I currently use Coleman's cabin style instant tent but I am thinking about switching over to something smaller.


----------



## farout (Jun 30, 2014)

We have two Coleman tents both are 9' 6" and 16' long. We have two one for us and any grand kids, or other's we take. The Coleman's are fairly easy to set up. The hard part is putting them back in the box they came in. We were told to forget the box and bag they came in, just fold the tent up and put it away. But, not my wife! She cam fold it up and get in the box it came in and put it back in the bag it came in! Now that's fantastic, I think,.
Oh so every time we have camped it's rained at some time. We have learned how to hang up the tent's and air them and turn them and then put them away. It takes 3 nice warm sunny days. It's a lost of work for a two day's of camping and hardly worth it. 
Any one know of an easy waay to dry out a tent?


----------



## abbynormal (Sep 14, 2015)

*I'm using a coleman*

although if I camp into the Winter, I will get something more suitable.
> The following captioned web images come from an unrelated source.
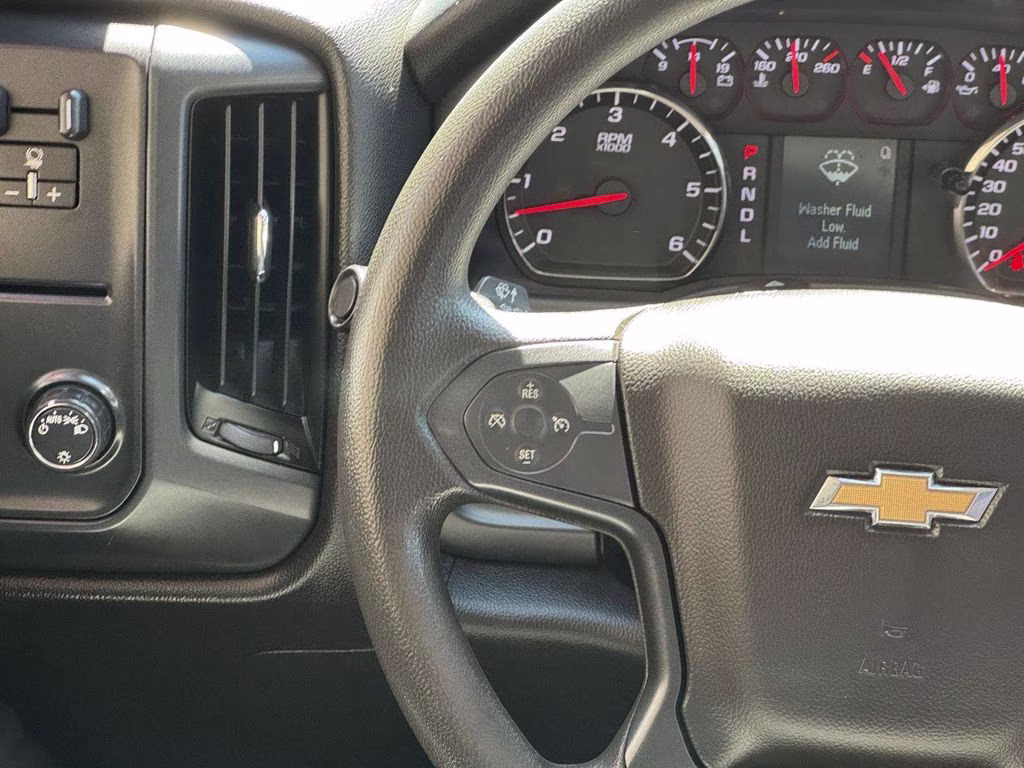 2017 Summit White Chevrolet Silverado 1500 WT 4X4 Truck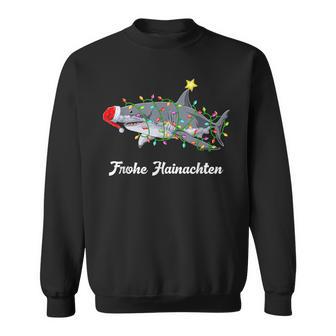 Merry Hainachten Shark Children's Boys Christmas Ugly Christmas Sweatshirt - Geschenkecke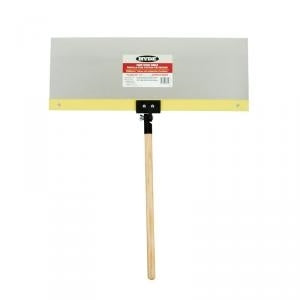 HYDE ProShield 28010 Spray Shield, 24 x 9 in Blade, Hardwood Handle, ACME Threaded Handle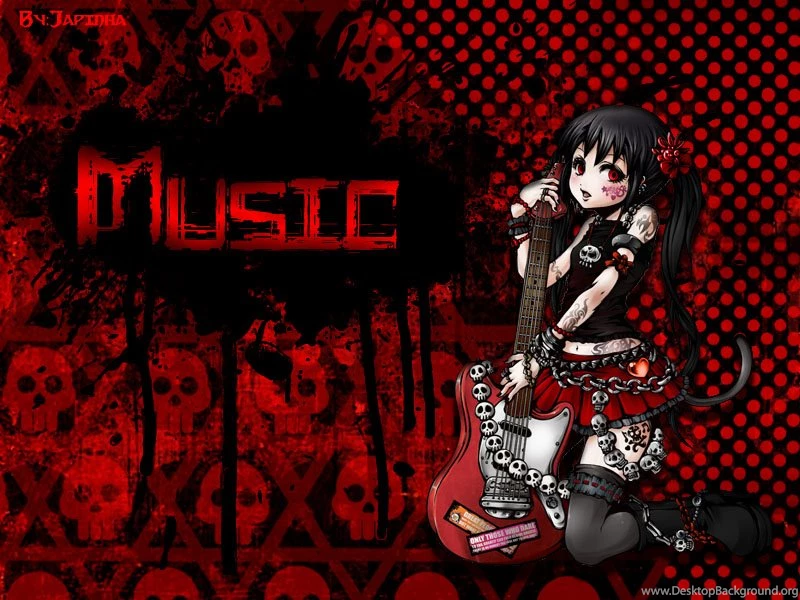 Music Rock Dark Wallpapers By LSTJapinha On DeviantArt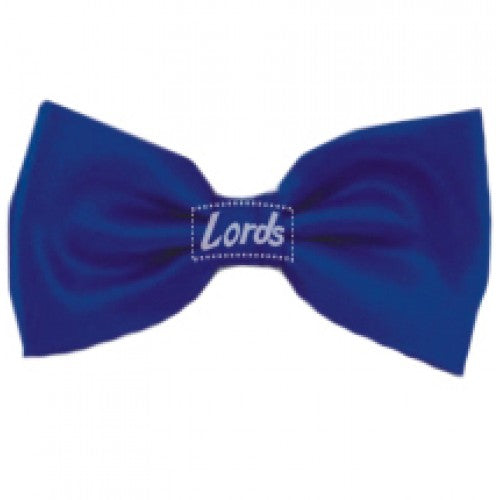 Bow Tie Formal Royal Blue Micro Twill Fabric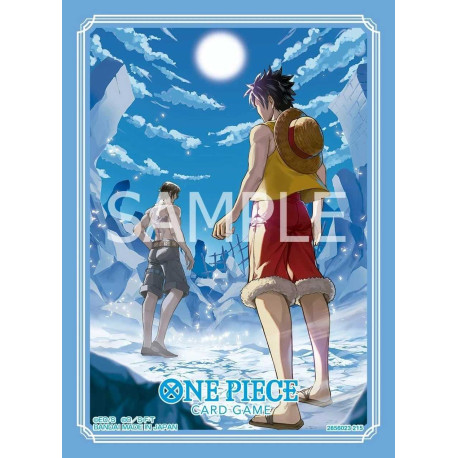 One Piece: Koszulki Luffy & Ace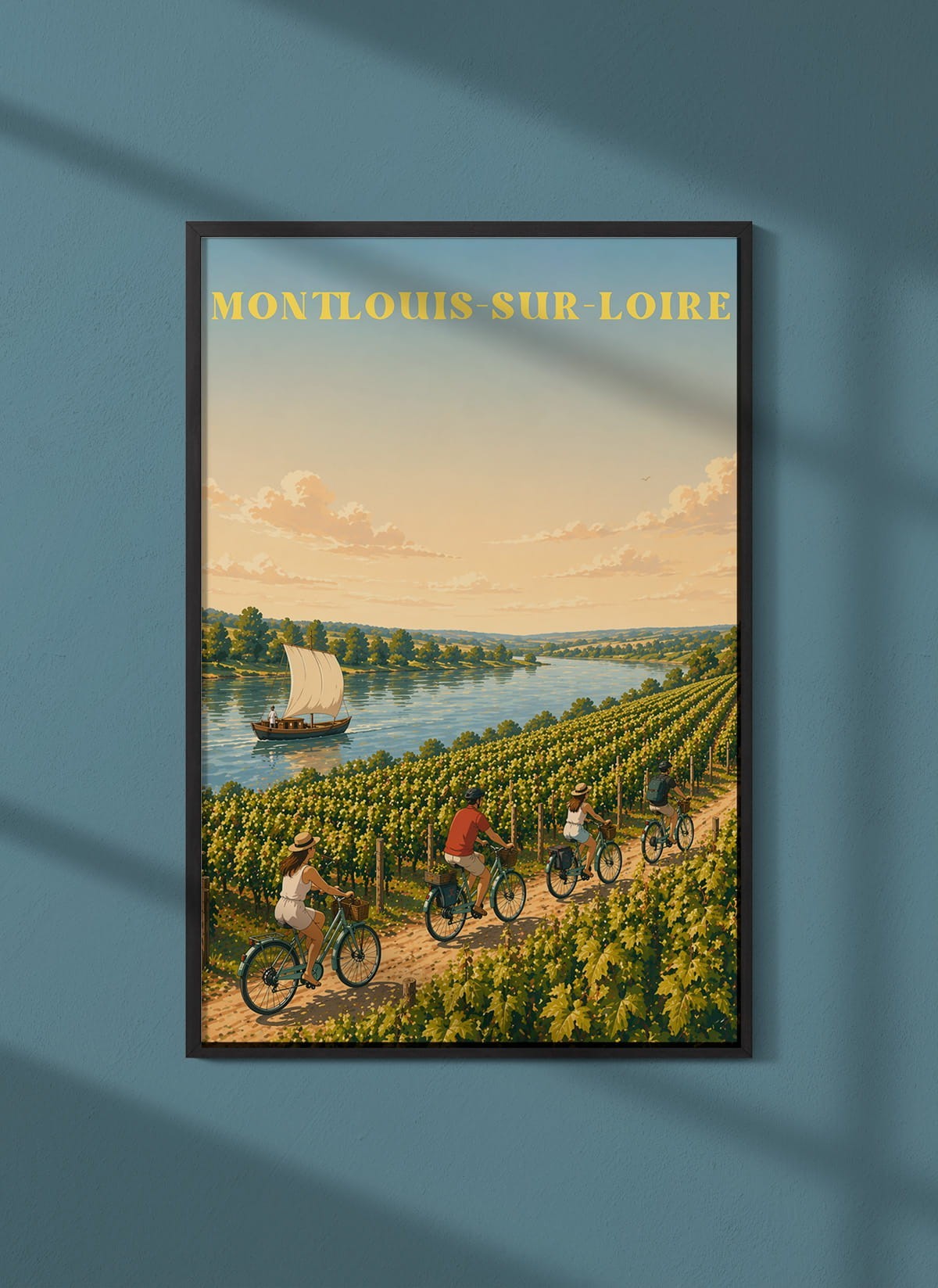 Affiche Montlouis-sur-Loire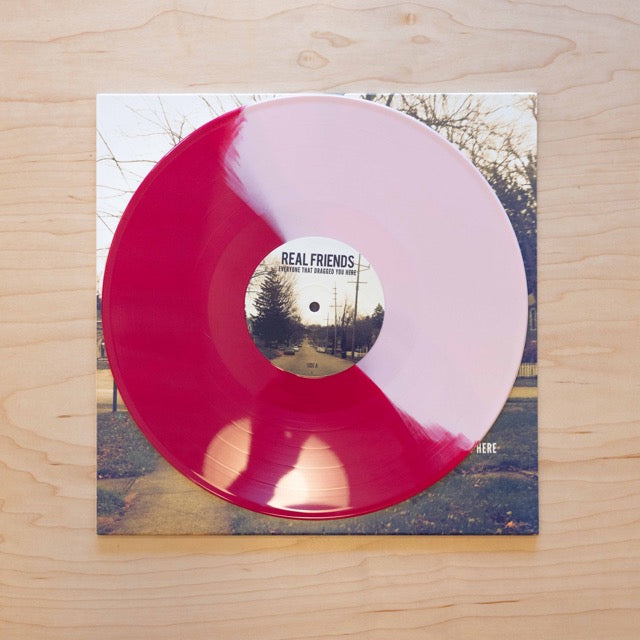 Real Friends - Everyone That Dragged You Here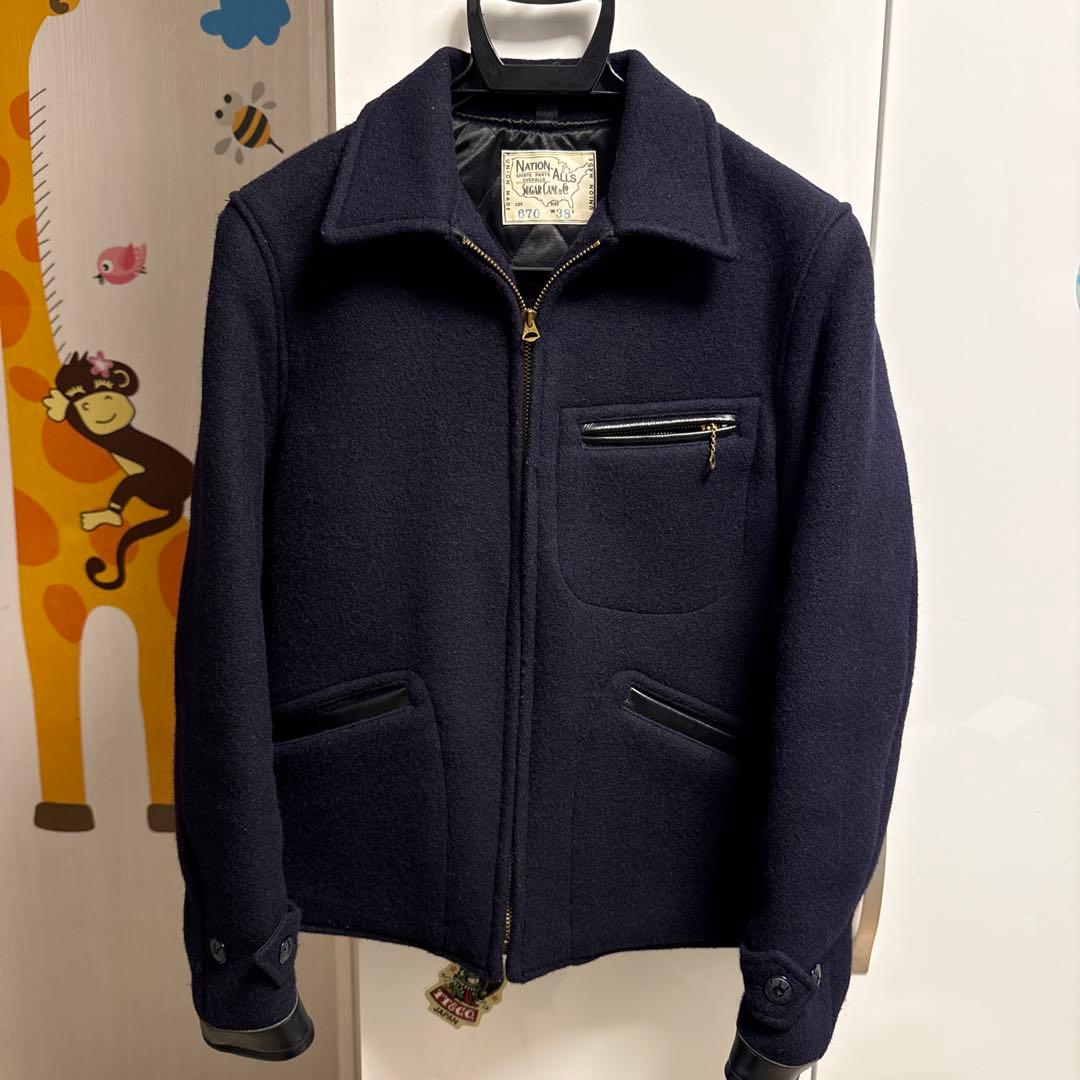 専用　NATION ALLS Sugar Cane & Co. ジャケット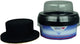 Profi Farbkontrolle Schwarzpulver 100gr. inkl. Pads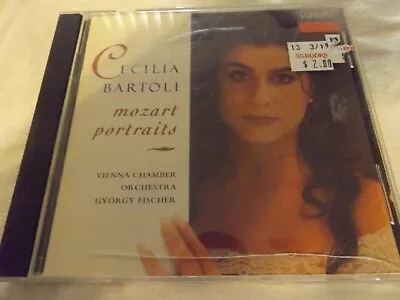 CD Cecilia Bartoli Mozart Portraits 9 Songs Classical Opera 1996 Decca Records • $2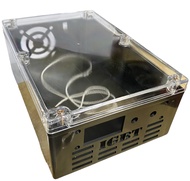 Hộp nhựa WANCHI Nắp trong khoan sẵn 240x160x90mm IGBT 10 đến 16 fet - linhkien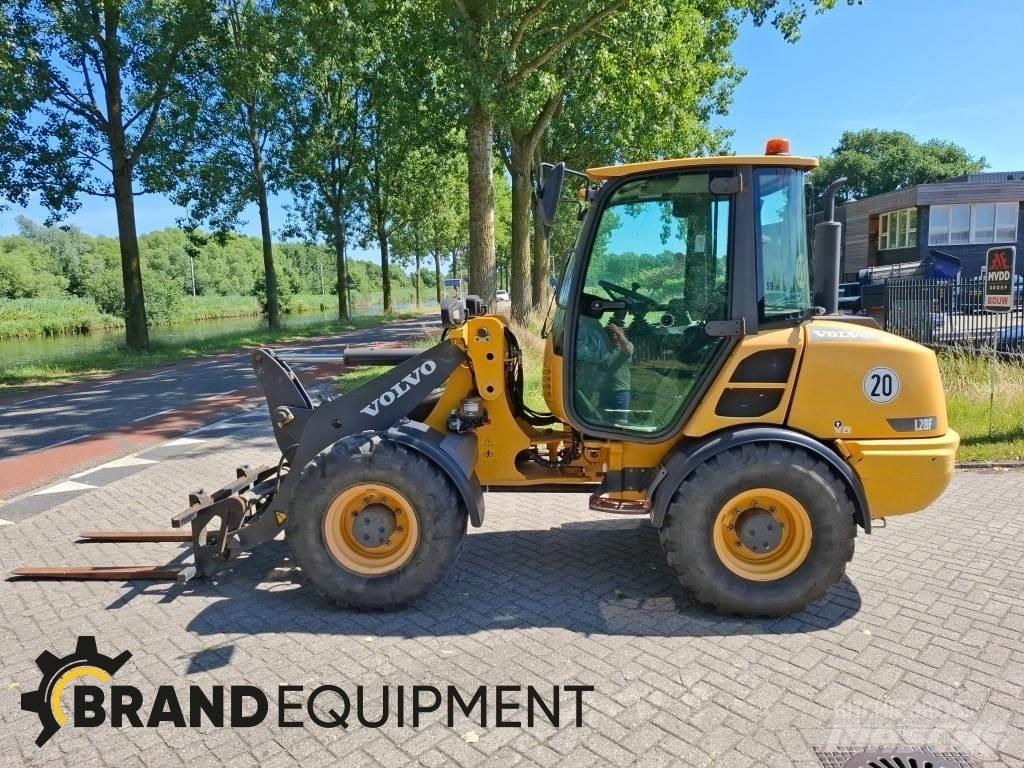 Volvo L28F Cargadoras sobre ruedas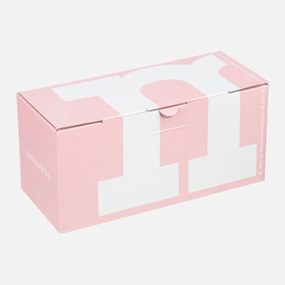 Set hrnčekov Oiva Sydämet 0,25l, 2ks / ružovo-béžový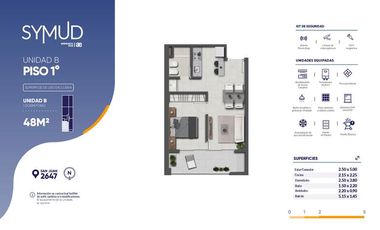 Cochera subsuelo- San Juan 2600- Centro Rosario | Venta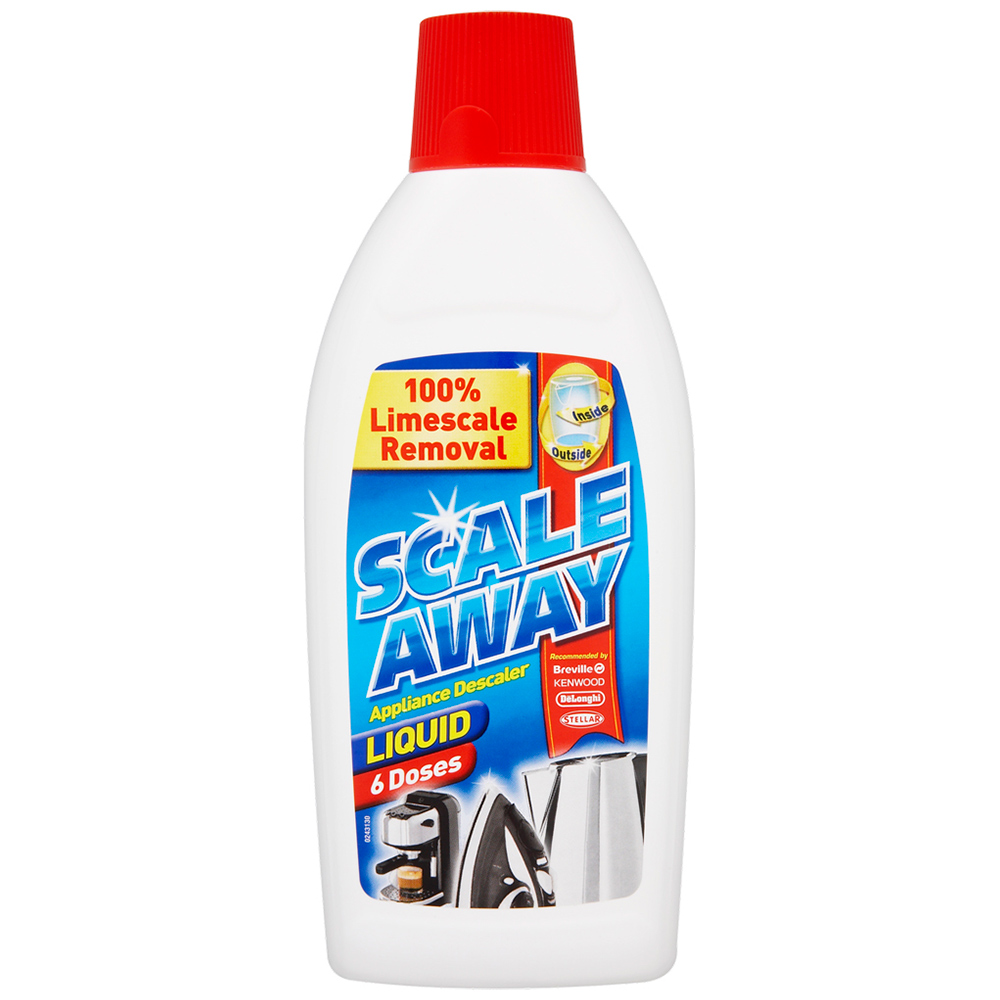Scale Away Appliance Limescale Remover Liquid 450ml Image 1
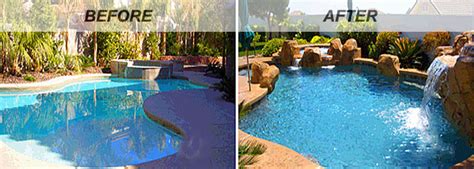 Swimming Pool Renovations: Before and After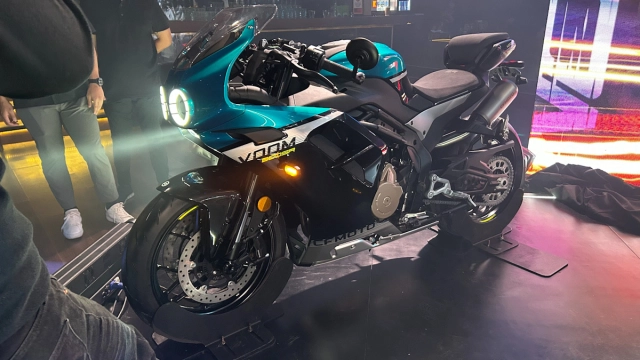Tân binh cổ điển 4 xy-lanh cfmoto 500sr voom khuấy đảo thị trường với giá dự đoán chỉ 146 triệu đồng - 3
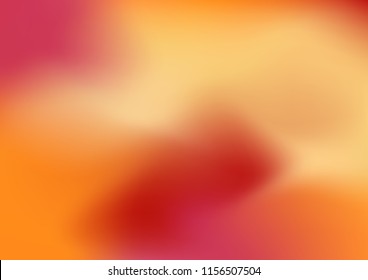 Theme color transitions. Vector template, colorful bright tone colorful background for graphic display design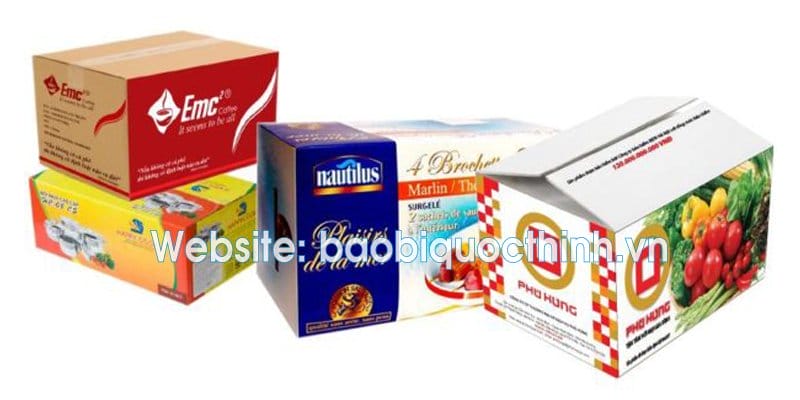 Thùng carton in offset - hình 3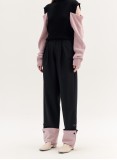 MAYS PANTS (BLACK AND PINK)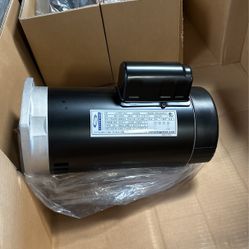 Brand New Single Speed Motors 56Y Square Flange 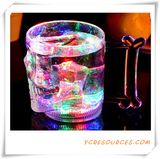 2015 Color Changing Promotional LED Cup Colorful Pub Party Carnival LED Flashing Cups 285ml Colorful LED Flash Cup (DC24021)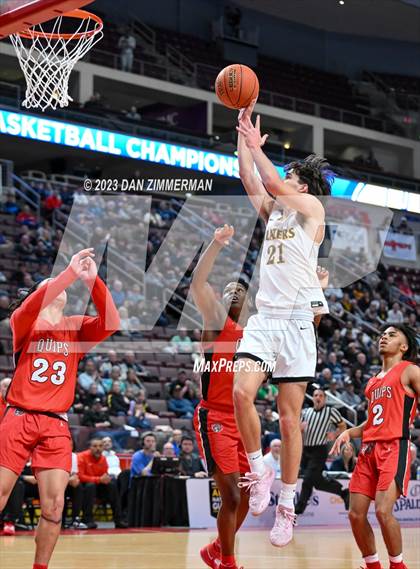 Thumbnail 3 in Aliquippa @ Lancaster Mennonite (PIAA 2A Final) photogallery.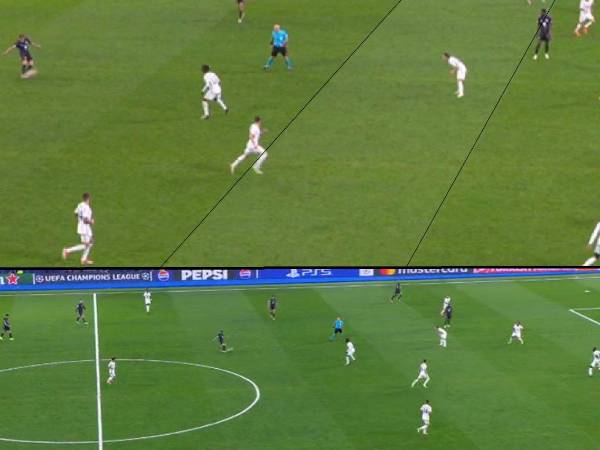 Polémica: Así fue el gol anulado al Bayern ante Real Madrid en Champions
I haven't actually shopped for a Winter-ready tent, but imagine they are out there. Waterproof. Here is the one I have now, a pic of it. I think it would comfortably sleep 3, but I bought it for a concert I went to for 5 days near George, WA Yep, you heard the name right, lol Right on the gorge at their new amphitheatre (new at the time). Mine is all two-tone grey is all but it's real similar, I have lots of room and can stand up easy in it Denise


----------



## wecamp04 (Jan 12, 2016)

We have a coleman Montana 8 person plenty of room setup takes about 10 min.


----------



## Rennick (Nov 18, 2016)

I don't have my new tent yet, but it's already on the way to me. It basically a truck bed tent, I was dreaming about it for quite a long time after I tried a similar tent on my friend's truck. I am 52 and cold mornings on the ground make it less comfortable for me, so I decided to move up to the truck bed. I mostly camp when I go fishing so the truck is always with me. Will post more pictures once it arrives.


----------



## MacGyver (Jun 2, 2016)

I have the ENO hammock sleep system which I'll probably never use again. A Coleman Peak 1 Triton (ancient), an Easton Mountain Rimrock 1, an REI Half Dome 2+, a Eureka 3-person dome that's so old I can't remember the model, a 4-person ALPS Mountaineering Meramac 4, a Kodiak Canvas 2-person and a Kodiak Canvas 6-person. Pretty sure all but the Half Dome, the Meramac and the Kodiaks will be on Craigslist soon or in a yard sale come Spring.


----------



## crick20002002 (Apr 17, 2016)

If you are looking for three season tent, then you can opt for MountainSmith Tarp Tent. It is not ultra costly like MSR Hubba Hubba, but will serve the purpose.


----------



## vzepol (Dec 13, 2016)

*Nice 4 season tent*

We have been using the Alp Mountaineer 4 person tent for two of us. It is a pretty good 4 season tent. So far camped in the rain no leaks, windy nights in the 30's the fly kept the wind to a minimum. 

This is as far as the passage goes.